◆ Data below
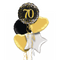 Happy 70th Birthday Black and Gold Balloon Bouquet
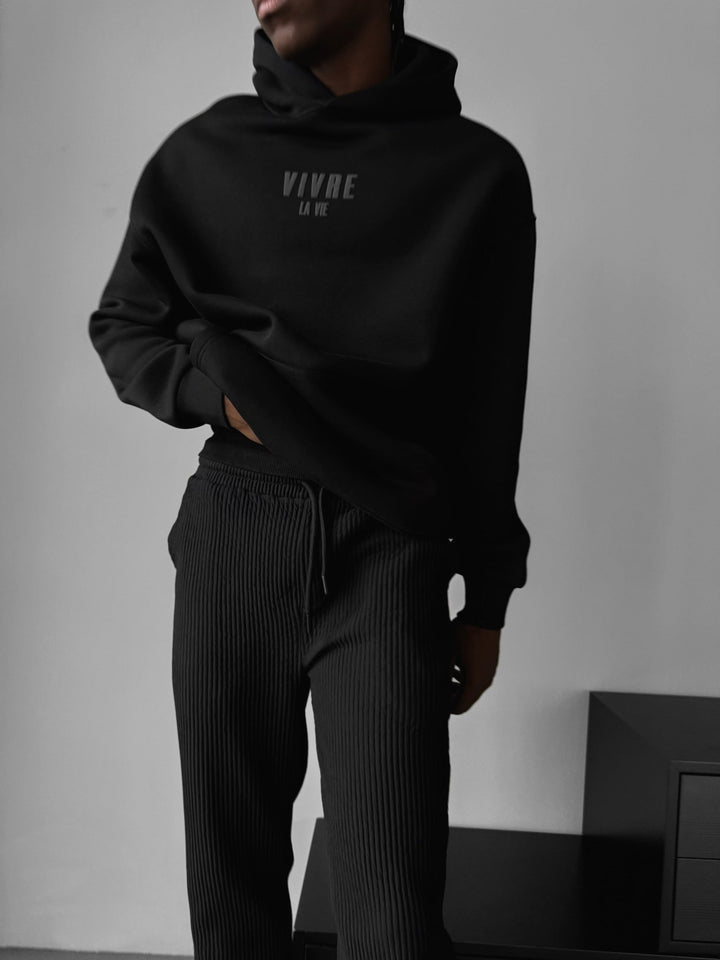 Oversize Vivre La Vie Hoodie - Juoda ir Pilka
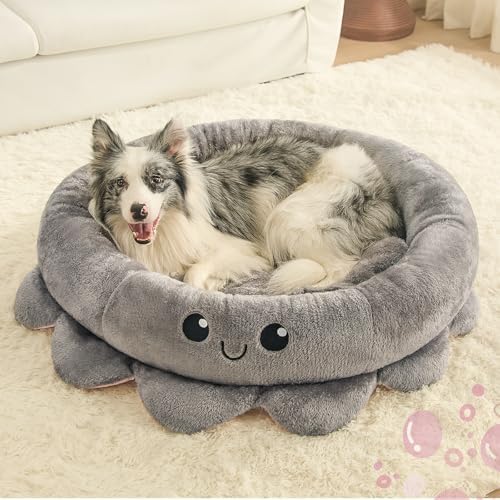 Jiupety Cute Calming Dog Beds Clearance for Large and Extra Dogs, Anxiety Bolster Dog Bed with Octopus Shape, Grey, XL, Boho, Round Pet Bed Cat with Removable Cushion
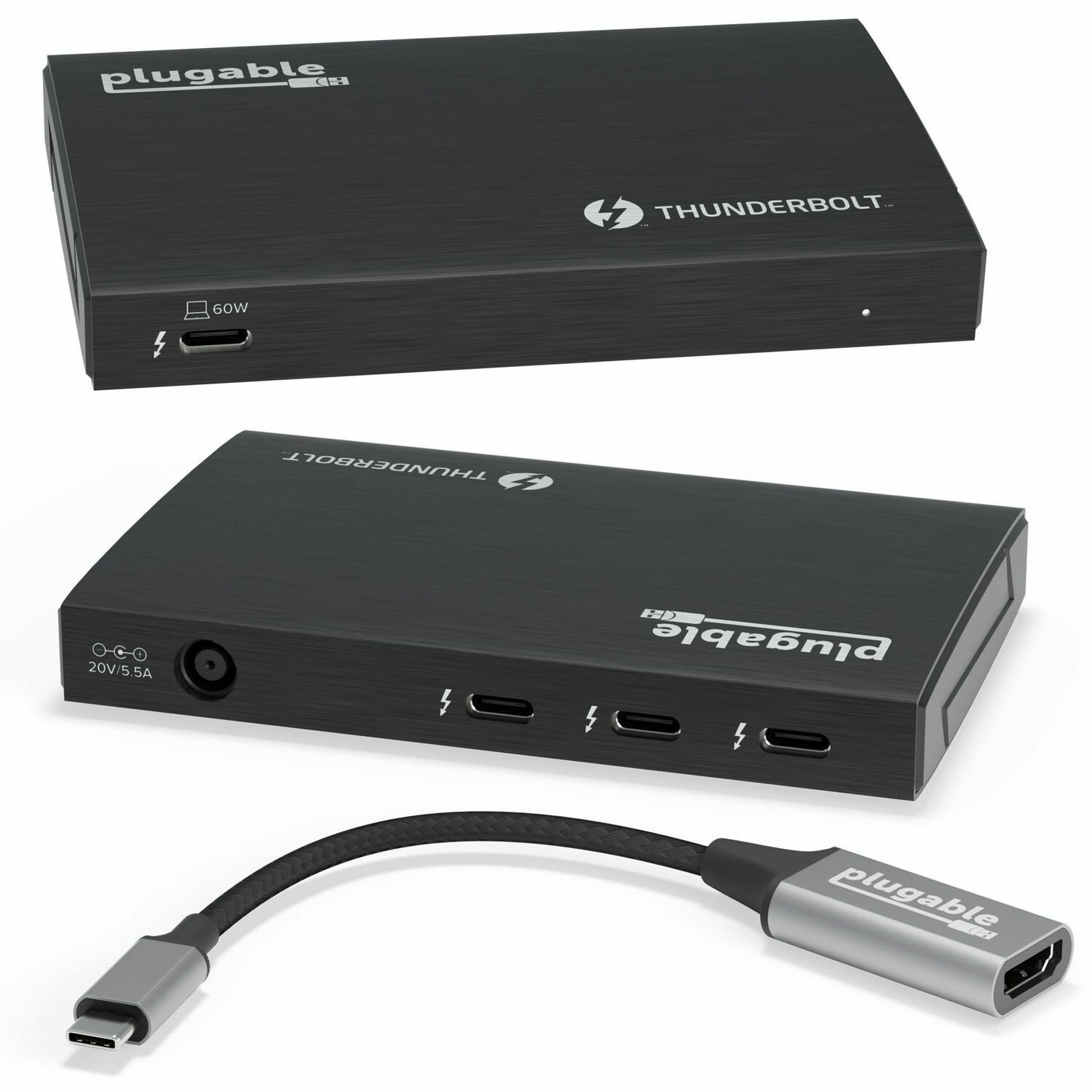 Plugable Thunderbolt 4 Hub, 4-in-1 Pure USB-C Design, Includes USB-C to 4K HDMI Adapter, Laptop Charging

◆ Assignment
If a picture appears in the data, omit it; transcribe all the rest exactly.

◆ Your solution
 Happy 70th Birthday Black and Gold Balloon Bouquet
 Oversize Vivre La Vie Hoodie - Juoda ir Pilka
 Jiupety Cute Calming Dog Beds Clearance for Large and Extra Dogs, Anxiety Bolster Dog Bed with Octopus Shape, Grey, XL, Boho, Round Pet Bed Cat with Removable Cushion
 Plugable Thunderbolt 4 Hub, 4-in-1 Pure USB-C Design, Includes USB-C to 4K HDMI Adapter, Laptop Charging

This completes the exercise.